The Renaissance movements in Italy, Germany and England from the 14th to the 15th centuries brought renewed exposure to texts of the ancient world, including philosophy and science. But that wasn’t all. The Greek and Hebrew texts of the Bible attracted new interest among scholars, like the Dutch Catholic humanist Desiderius Erasmus.
As churchmen studied these texts they noticed contradictions between the writings of the apostles and the religious traditions that Rome had built up for over a millennium. Many were also disturbed over Rome’s excesses and departures from sound practice, such as the aggressive sale of indulgences by Johann Tetzel. In Roman theology indulgences are a release from the temporal punishments for previously confessed and forgiven sins, either in this life or in eternity. The German Augustinian monk Martin Luther argued that Tetzel was crassly selling release from years in purgatory, and that the true motivation for these sales was a fund drive for renovating St. Peter’s cathedral in Rome.

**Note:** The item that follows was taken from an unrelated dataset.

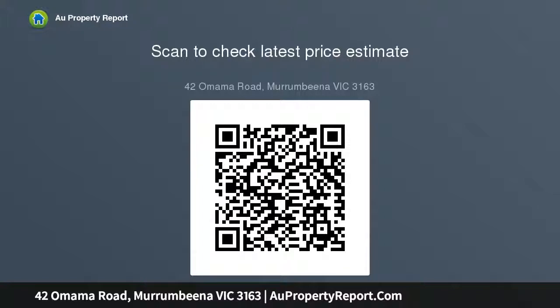This delightful home is also appointed with evaporative cooling, ducted heating, dual access, attic space with ladder access, and an undercover carport.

In his famed 95 theses of 1517 Luther quoted the familiar proverb, “As soon as a coin in the coffer rings, a soul from purgatory springs". He wryly replied that when the coin fell into the collection box, gain and avarice increased instead (Theses #28). Luther’s writings, including the translation of the Bible from Erasmus’ Greek text into German, shaped what today is known in Germany as the Evangelische Landeskirche. The Lutheran movement survives today in northern Germany, the Scandinavian countries, the Baltic states, Tanzania, Indonesia, Canada and the United States.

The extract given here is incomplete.